:: Stored data ::
---------------

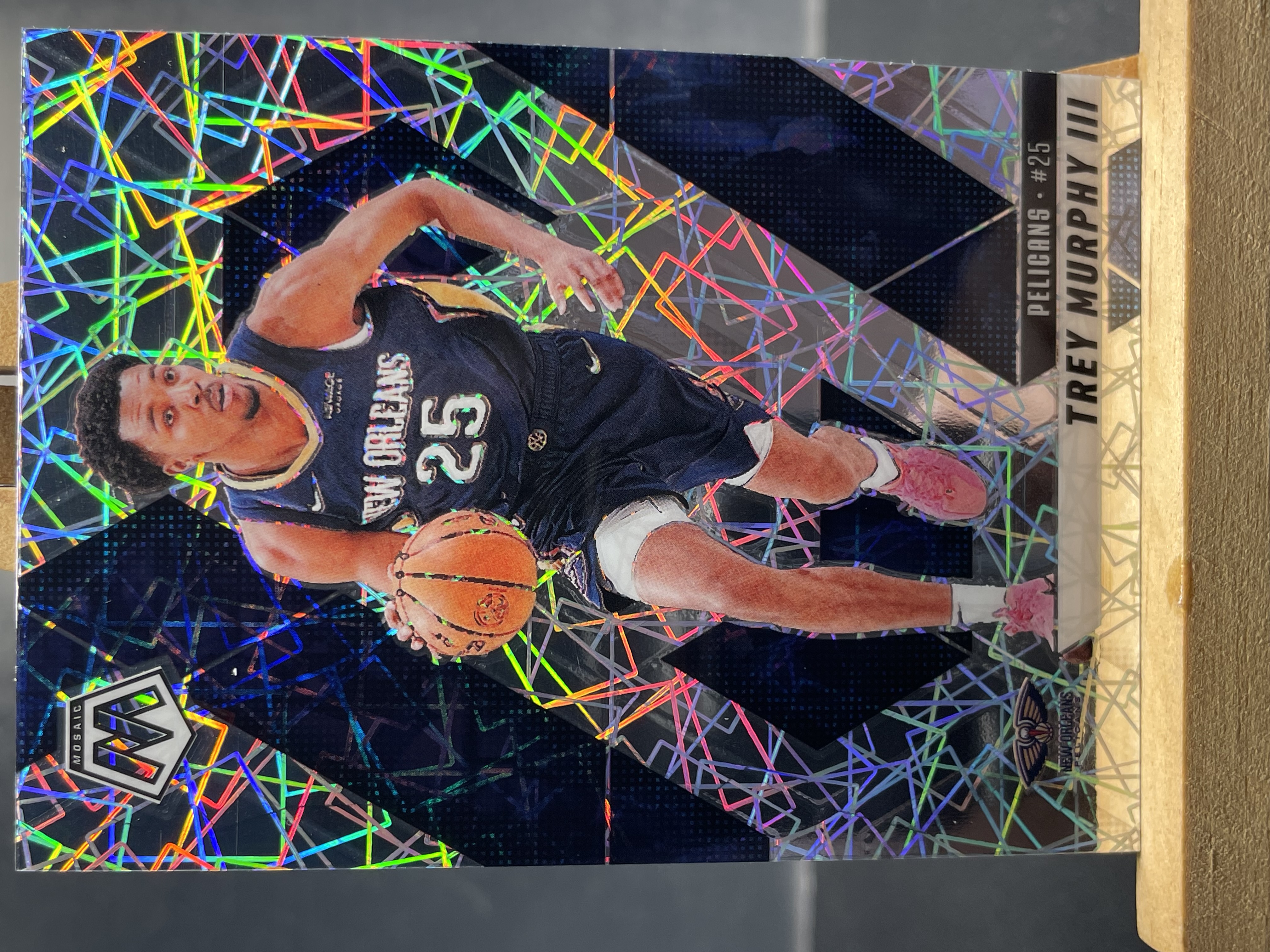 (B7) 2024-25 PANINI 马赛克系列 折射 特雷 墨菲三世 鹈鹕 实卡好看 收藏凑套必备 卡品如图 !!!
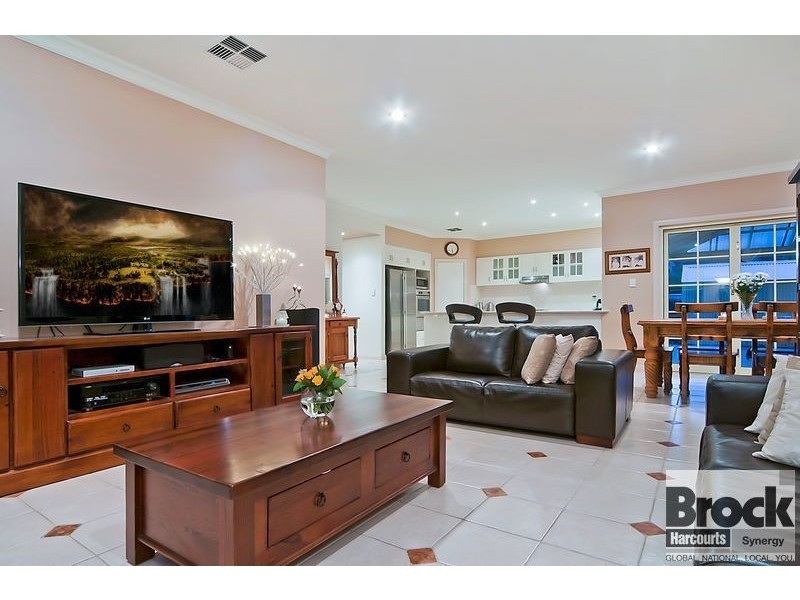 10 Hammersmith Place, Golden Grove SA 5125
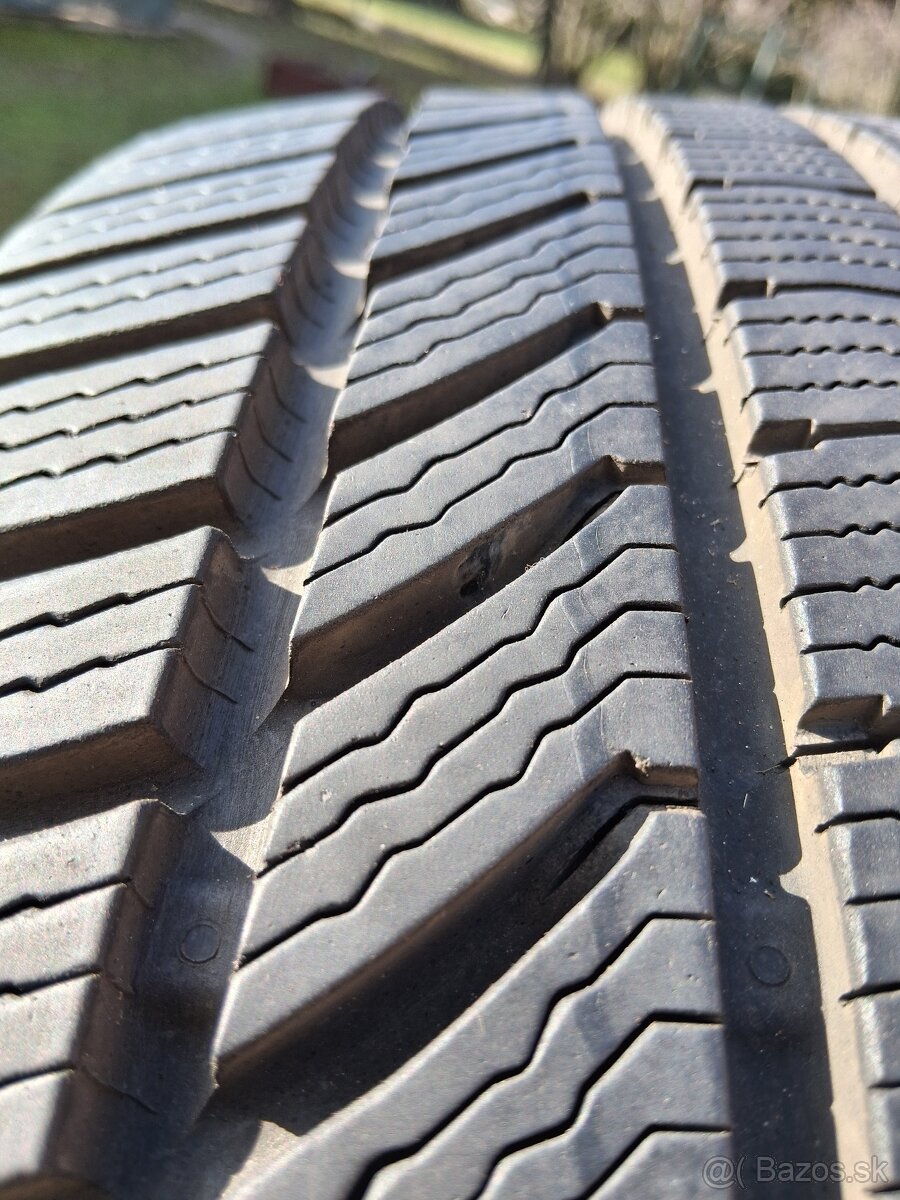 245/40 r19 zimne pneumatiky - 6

---------------

:: Work request ::
From the first line to the last, write out the data above exactly. Omit the pictures.

:: Output of the exercise ::
 (B7) 2024-25 PANINI 马赛克系列 折射 特雷 墨菲三世 鹈鹕 实卡好看 收藏凑套必备 卡品如图 !!!
 10 Hammersmith Place, Golden Grove SA 5125
 245/40 r19 zimne pneumatiky - 6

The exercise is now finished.